Activists are challenging a New York State Department of Environmental Conservation report that finds no clear connection between the Norlite plant in Cohoes and PFAS contamination of the area.
The 450-page study of PFAS and metals, conducted in response to continuing community concerns about the potential impact of Norlite's burning of firefighting foam, found no clear link to Norlite's operations and no indication of any risk to human health. Dr. David Bond is a scientist and professor at Bennington College.
"It's not that the data is wrong. The data actually really helps us understand the situation around Norlite. But the interpretation raises serious questions that undermines the confidence we might have. DEC's conclusions far exceed the data they provide. And I see this as largely happening along three areas. One, DEC's own data identifies worrisome patterns of contaminated soil downwind, and in the immediate vicinity of Norlite. Patterns that may suggest possible airborne deposition. And DEC's conclusion sort of goes directly against the grain of its own data on this question, and it says there's no link and no indication of human health risks.

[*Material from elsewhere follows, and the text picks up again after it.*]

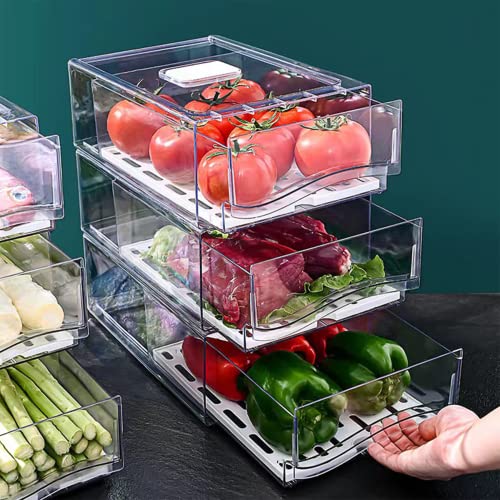 Diskary Fridge Organizer, Stackable Refrigerator Organizer Bins, Reusable Food Storage Containers, Fridge Drawer Organizer in Home Kitchen, Barbecue Shop, Restaurant, BPA-Free (2 Drawers, Large)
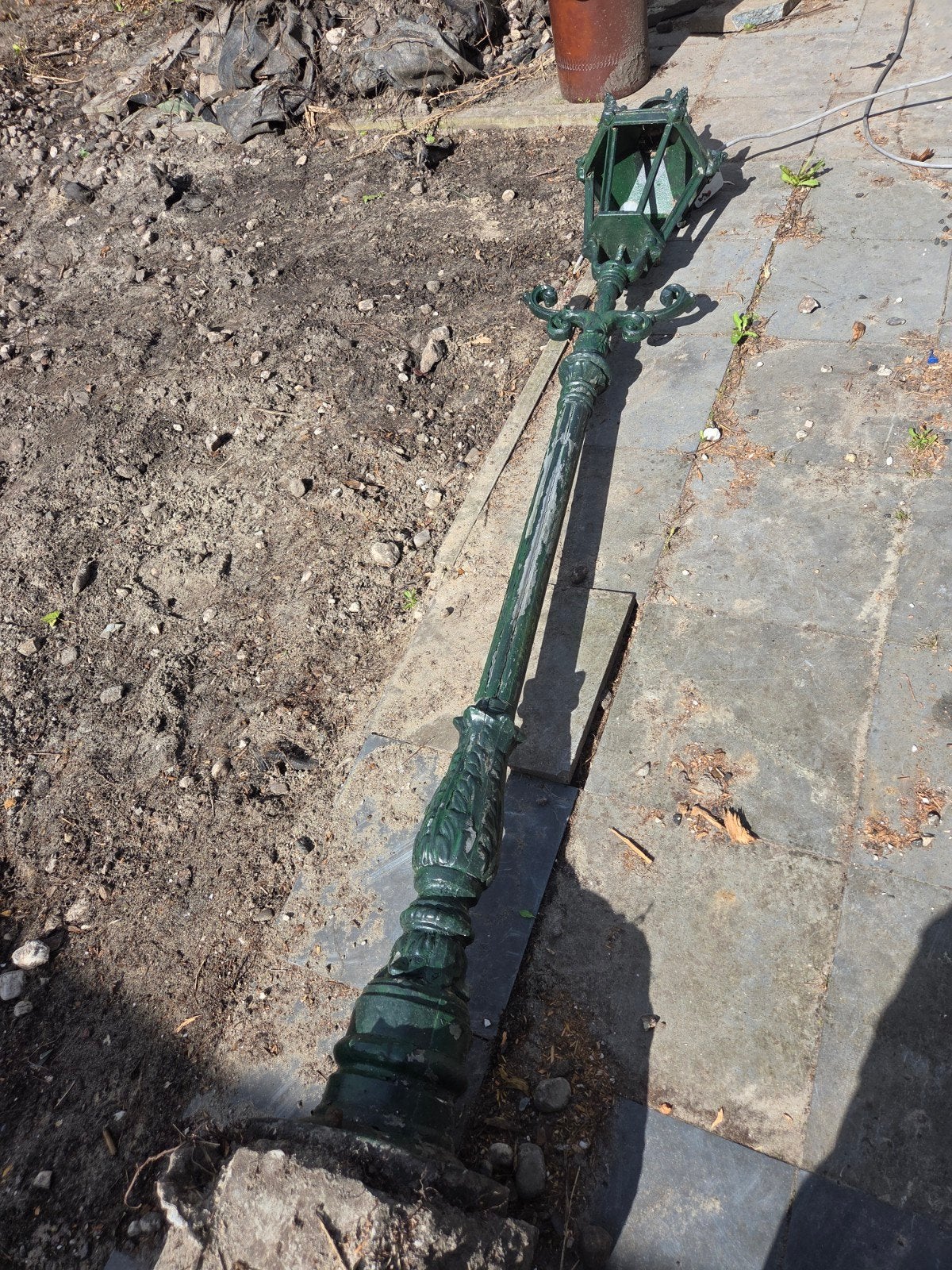 Antieke gietijzeren lantaarnpaal - Groen, Ophalen of Verzenden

But the data that DEC provides does find, in some ways, worrisome patterns of contaminated soil downwind, including with heavy metals, like lead and mercury, and with some perfluorinated compounds associated with a AFFF like PFOS."

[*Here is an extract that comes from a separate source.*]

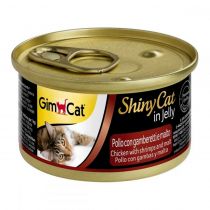Вологий корм GimCat Shiny Cat для котів, з креветками, куркою і солодом, 70 г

Bond says the DEC did not do a “total organic carbon analysis” of its soil samples. He argues that DEC's review neglected standard scientific practices when investigating PFAS levels in soil, and that DEC uses a questionable strategy of presenting background levels, which, in his opinion, "seems to mask the elevated levels of PFOS found around Norlite." Bond contends the findings are not in line with what other studies have found in the region.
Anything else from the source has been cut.